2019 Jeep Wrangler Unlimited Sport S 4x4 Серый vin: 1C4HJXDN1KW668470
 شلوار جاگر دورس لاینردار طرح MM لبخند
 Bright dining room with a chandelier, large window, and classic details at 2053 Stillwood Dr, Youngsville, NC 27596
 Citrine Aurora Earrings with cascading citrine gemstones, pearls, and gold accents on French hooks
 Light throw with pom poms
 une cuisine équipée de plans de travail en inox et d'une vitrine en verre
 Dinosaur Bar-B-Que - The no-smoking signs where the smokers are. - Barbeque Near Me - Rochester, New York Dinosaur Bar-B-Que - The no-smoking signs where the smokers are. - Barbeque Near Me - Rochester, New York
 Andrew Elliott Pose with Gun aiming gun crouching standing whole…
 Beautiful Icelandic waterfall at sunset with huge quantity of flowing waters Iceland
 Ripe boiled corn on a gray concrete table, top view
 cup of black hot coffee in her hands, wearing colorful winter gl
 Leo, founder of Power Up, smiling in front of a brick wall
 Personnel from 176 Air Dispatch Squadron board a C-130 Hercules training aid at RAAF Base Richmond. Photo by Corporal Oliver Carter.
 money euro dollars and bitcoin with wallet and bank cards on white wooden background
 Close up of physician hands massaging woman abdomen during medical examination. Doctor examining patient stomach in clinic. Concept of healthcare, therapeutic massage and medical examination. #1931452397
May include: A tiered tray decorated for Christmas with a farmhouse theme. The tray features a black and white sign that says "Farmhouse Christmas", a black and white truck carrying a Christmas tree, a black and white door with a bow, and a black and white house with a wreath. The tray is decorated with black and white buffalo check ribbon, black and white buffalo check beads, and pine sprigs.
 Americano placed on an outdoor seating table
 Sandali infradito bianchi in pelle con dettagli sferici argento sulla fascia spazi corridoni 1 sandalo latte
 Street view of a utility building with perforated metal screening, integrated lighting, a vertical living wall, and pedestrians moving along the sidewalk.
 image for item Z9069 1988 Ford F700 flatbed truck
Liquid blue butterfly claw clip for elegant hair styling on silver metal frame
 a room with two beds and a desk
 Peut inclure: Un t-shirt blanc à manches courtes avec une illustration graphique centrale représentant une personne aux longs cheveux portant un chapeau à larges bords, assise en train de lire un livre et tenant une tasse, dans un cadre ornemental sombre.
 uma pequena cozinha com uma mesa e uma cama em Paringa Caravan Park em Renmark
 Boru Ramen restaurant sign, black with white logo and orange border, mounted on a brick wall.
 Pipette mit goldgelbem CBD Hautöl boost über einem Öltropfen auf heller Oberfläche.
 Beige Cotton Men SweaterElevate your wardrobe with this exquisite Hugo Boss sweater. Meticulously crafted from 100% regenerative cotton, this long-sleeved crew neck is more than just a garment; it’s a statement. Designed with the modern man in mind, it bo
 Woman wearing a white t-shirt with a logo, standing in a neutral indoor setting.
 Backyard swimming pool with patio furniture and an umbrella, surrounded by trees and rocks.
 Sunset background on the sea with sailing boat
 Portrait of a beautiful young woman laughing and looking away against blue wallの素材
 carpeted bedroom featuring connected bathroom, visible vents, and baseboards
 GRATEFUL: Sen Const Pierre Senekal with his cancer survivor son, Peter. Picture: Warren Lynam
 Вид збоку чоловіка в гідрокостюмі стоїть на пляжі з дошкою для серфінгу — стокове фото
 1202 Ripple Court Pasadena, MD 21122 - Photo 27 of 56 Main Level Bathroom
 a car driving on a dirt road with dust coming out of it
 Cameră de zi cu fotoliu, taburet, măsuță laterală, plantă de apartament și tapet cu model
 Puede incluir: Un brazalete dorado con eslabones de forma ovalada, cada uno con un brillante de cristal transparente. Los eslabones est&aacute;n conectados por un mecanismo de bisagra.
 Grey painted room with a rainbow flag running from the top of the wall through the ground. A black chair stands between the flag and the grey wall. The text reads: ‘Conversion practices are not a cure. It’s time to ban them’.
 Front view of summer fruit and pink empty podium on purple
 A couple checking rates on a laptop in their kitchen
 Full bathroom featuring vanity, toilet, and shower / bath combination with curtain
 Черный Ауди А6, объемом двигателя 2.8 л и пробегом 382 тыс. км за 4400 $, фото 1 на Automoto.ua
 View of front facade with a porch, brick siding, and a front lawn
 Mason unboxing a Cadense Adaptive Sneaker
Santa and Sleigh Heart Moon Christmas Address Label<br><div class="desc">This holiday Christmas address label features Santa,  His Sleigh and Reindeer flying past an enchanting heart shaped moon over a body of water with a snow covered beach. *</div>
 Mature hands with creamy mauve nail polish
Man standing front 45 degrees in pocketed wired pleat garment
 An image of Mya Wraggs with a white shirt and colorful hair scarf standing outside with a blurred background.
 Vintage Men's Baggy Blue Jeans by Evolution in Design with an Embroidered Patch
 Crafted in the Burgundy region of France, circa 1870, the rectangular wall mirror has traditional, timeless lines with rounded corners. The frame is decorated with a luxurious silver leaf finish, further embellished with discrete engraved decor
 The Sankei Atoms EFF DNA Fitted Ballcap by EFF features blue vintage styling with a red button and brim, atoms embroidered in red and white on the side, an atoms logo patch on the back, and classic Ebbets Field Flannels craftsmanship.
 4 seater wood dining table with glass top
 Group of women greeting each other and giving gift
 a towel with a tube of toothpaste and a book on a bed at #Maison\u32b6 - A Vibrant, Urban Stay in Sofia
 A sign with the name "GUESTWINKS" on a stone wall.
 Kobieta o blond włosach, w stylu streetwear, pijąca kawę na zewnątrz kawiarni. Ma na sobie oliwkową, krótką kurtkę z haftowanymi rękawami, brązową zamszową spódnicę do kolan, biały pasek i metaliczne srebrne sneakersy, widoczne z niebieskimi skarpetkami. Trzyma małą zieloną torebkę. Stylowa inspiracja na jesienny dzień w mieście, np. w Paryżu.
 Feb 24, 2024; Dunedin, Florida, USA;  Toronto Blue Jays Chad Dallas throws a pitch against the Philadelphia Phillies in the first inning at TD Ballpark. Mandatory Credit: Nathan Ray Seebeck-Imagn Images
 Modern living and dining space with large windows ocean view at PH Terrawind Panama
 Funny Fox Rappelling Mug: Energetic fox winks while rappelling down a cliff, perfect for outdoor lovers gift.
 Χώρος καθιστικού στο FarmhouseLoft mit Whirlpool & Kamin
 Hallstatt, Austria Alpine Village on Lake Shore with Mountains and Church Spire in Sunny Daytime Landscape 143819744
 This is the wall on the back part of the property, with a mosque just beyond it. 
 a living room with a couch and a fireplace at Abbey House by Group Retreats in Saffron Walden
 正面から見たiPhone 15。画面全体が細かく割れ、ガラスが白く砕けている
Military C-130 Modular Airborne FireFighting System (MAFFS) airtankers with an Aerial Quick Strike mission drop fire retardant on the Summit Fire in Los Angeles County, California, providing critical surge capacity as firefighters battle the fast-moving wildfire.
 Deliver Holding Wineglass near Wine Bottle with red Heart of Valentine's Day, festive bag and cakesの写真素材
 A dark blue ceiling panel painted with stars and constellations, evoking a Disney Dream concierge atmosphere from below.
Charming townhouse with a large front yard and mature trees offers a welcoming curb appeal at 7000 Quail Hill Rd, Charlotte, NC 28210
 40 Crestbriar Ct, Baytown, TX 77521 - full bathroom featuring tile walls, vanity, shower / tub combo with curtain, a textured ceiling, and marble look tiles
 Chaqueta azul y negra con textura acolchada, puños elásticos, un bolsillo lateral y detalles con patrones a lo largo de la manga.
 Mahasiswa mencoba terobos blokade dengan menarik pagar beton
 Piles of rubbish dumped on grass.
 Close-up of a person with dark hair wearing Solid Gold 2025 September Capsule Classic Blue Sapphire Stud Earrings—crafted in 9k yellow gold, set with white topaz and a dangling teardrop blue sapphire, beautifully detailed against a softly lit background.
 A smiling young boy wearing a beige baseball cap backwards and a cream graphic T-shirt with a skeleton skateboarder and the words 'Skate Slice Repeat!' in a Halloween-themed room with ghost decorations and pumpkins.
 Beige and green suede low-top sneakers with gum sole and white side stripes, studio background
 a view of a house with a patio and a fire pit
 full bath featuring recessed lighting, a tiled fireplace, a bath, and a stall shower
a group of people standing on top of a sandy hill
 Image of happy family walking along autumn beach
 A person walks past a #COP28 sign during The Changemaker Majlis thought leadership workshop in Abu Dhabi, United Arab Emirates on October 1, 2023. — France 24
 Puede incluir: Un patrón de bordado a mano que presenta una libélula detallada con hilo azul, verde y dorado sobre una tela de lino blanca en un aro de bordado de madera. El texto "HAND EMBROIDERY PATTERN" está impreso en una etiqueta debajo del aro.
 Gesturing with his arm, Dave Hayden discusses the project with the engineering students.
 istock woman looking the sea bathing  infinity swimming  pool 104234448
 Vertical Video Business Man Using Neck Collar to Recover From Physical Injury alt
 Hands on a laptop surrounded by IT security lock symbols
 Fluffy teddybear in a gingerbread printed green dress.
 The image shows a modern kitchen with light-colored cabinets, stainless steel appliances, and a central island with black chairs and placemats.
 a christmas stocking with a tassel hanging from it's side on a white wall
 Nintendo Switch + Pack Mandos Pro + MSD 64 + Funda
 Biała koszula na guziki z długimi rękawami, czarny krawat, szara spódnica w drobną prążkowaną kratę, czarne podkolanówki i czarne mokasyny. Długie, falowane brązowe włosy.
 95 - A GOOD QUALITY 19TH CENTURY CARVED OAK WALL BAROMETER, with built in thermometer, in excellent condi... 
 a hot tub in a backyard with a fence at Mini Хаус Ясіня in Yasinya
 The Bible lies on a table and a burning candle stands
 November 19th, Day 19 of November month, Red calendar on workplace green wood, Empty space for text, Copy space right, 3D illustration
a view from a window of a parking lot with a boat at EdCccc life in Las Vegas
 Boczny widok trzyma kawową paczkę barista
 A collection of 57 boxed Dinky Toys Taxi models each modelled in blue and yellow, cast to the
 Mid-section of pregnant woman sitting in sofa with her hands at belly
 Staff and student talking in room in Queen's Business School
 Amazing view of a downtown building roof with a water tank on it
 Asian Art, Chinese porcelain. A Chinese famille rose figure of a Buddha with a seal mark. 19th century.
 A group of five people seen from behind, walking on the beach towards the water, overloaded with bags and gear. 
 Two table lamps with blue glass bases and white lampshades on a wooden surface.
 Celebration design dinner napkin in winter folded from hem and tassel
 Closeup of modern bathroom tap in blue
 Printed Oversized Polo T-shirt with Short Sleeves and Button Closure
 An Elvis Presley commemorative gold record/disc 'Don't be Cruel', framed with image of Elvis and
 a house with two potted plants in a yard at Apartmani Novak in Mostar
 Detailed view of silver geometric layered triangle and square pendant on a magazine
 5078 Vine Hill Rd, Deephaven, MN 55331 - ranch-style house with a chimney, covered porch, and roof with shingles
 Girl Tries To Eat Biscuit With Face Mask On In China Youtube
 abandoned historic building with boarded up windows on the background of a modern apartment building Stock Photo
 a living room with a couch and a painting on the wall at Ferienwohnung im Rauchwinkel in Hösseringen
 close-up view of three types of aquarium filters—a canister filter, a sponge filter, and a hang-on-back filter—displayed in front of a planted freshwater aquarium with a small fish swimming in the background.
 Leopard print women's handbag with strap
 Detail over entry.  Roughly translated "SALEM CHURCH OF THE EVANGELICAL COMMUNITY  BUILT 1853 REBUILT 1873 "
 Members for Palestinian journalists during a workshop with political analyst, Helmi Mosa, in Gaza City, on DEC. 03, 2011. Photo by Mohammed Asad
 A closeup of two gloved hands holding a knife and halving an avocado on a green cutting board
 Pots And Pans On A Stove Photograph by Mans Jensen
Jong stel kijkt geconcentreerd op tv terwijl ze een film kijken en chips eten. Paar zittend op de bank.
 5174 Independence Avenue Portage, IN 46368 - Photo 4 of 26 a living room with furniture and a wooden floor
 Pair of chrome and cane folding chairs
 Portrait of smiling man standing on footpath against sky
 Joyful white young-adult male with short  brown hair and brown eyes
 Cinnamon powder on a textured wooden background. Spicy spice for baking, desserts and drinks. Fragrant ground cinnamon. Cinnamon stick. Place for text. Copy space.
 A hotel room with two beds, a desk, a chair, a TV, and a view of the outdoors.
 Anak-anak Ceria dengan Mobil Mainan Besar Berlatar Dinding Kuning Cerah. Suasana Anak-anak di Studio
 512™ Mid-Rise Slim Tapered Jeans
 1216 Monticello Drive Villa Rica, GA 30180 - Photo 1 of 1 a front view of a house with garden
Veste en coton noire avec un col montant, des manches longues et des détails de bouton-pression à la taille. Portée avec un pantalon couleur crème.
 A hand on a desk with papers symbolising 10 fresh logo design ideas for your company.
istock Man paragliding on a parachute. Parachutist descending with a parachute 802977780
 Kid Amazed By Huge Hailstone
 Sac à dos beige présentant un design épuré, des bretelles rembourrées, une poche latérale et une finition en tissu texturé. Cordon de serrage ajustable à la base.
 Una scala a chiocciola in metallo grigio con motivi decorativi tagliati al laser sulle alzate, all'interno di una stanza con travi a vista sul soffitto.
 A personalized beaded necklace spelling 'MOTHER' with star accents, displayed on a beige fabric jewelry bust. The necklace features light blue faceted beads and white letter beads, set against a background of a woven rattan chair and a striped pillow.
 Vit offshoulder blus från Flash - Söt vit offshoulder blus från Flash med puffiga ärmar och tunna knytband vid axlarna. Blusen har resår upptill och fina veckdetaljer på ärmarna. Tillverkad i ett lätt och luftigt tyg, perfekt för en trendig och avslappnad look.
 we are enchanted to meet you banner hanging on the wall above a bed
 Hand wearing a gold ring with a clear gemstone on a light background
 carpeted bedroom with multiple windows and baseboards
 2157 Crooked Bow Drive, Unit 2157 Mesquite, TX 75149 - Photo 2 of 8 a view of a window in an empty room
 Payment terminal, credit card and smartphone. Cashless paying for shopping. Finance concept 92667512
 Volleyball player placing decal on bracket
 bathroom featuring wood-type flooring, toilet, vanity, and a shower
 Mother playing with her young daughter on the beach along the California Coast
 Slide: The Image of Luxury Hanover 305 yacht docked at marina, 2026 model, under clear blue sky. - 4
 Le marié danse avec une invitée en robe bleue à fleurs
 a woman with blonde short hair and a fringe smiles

■ ■ ■ ■ ■ ■ ■

:: Task item ::
Would you copy out exactly the lines above that start at the one containing "carpeted bedroom featuring" and end at the one containing "Front view of summer", inclusive?

:: Written solution ::
 carpeted bedroom featuring connected bathroom, visible vents, and baseboards
 GRATEFUL: Sen Const Pierre Senekal with his cancer survivor son, Peter. Picture: Warren Lynam
 Вид збоку чоловіка в гідрокостюмі стоїть на пляжі з дошкою для серфінгу — стокове фото
 1202 Ripple Court Pasadena, MD 21122 - Photo 27 of 56 Main Level Bathroom
 a car driving on a dirt road with dust coming out of it
 Cameră de zi cu fotoliu, taburet, măsuță laterală, plantă de apartament și tapet cu model
 Puede incluir: Un brazalete dorado con eslabones de forma ovalada, cada uno con un brillante de cristal transparente. Los eslabones est&aacute;n conectados por un mecanismo de bisagra.
 Grey painted room with a rainbow flag running from the top of the wall through the ground. A black chair stands between the flag and the grey wall. The text reads: ‘Conversion practices are not a cure. It’s time to ban them’.
 Front view of summer fruit and pink empty podium on purple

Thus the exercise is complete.